Evangelio según San Mateo 16, 24-28




Refresquemos por un momento lo que sabemos acerca de la cruz: eran el patíbulo elegido por el imperio romano, especialmente, para ejecutar a los reos condenados a muerte por los delitos más abyectos, a los criminales marginales. El mismo horror producido y la exhibición obscena del ejecutado a la vez tenían por objeto una clara intención disuasoria y amenazante, de tal modo de taladrar mentes y corazones con el metamensaje de si haces lo mismo que éste, así terminarás. 
Por otra parte, la Ley mosaica estipulaba que todo ajusticiado de esa manera o por la horca se debía a pretéritos o cercanos pecados, y a su vez el reo era un maldito, un impuro mayor, el sambenito cruel de los maldecidos por el nefasto silogismos del por algo será.

Muerte, marginalidad y maldición parece ser la consecuencia directa de la cruz, y puede desatarse un temporal de emociones encontradas en nuestras almas porque es Cristo quien nos dice que quien lo siga -el verdadero discípulo- ha de negarse a sí mismo, renunciar a cualquier apetito personal y ponerse al hombro esa cruz que es un horror y se asoma en las cumbres de la inhumanidad. 
Sin embargo y con todo lo gravoso, con todo y a pesar de todo, el distingo fundamental, quien cambia la polaridad del espanto y cualquier otro rótulo es el amor y la fidelidad.

Esa abnegación es un bien evangélico que escasea, pero que otros tanto, en fructífero silencio, cultivan en las parcelas fértiles de sus corazones, para mayor gloria de Dios y bien de los hermanos.

Seguir a Cristo no es nada fácil ni simpático, máxime en los vaivenes cotidianos y en medio de las enfermas posturas sociales de nuestros días.
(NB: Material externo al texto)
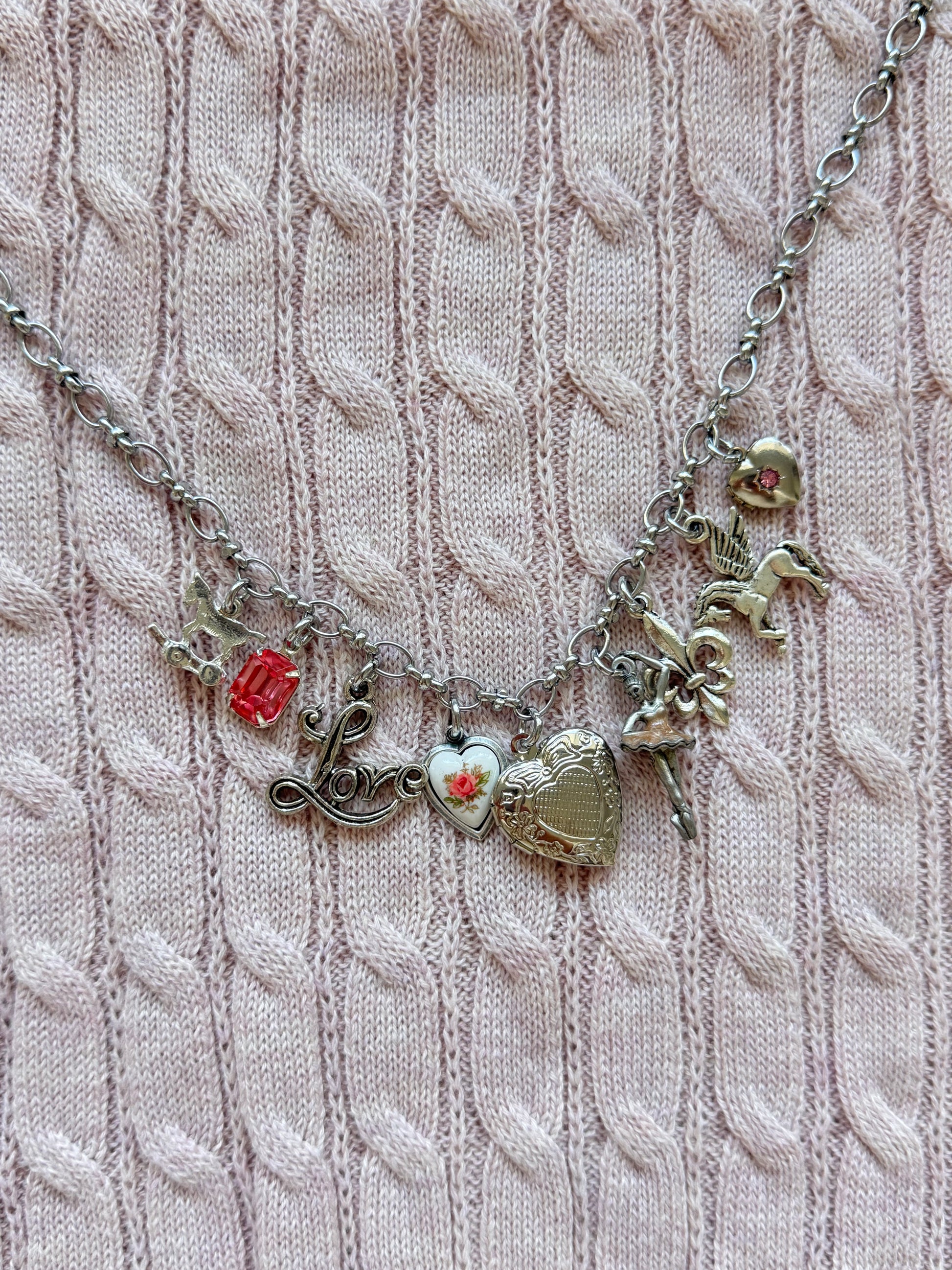 Tamara Necklace with heart lockets and floral vintage accents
Porque todo parece indicar que es una locura no apostar a la individualidad, al bienestar personal, al goce y a los disfrutes propios sin ningún tipo de incovenientes que se acepten consciente y voluntariamente.

Seguir a Cristo es atreverse a hacerse marginal y maldito, a renunciarse a cada momento, a no medrar con la existencia y el esfuerzo de los demás, y a ascender hacia otros niveles de humanidad -a crecer- sin utilizar las cabezas de los otros como escalones, sino más bien a ir con los demás, y desde la propia pequeñez a aliviar la carga de tantos que están doblegados por tantas cruces que se les impone.

Como bien lo entendieron, asumieron y practicaron Domingo, Francisco, Clara, Pedro Nolasco y tantos otros santos hermanos nuestros de todos los tiempos, luces fieles en nuestro mundo de tinieblas.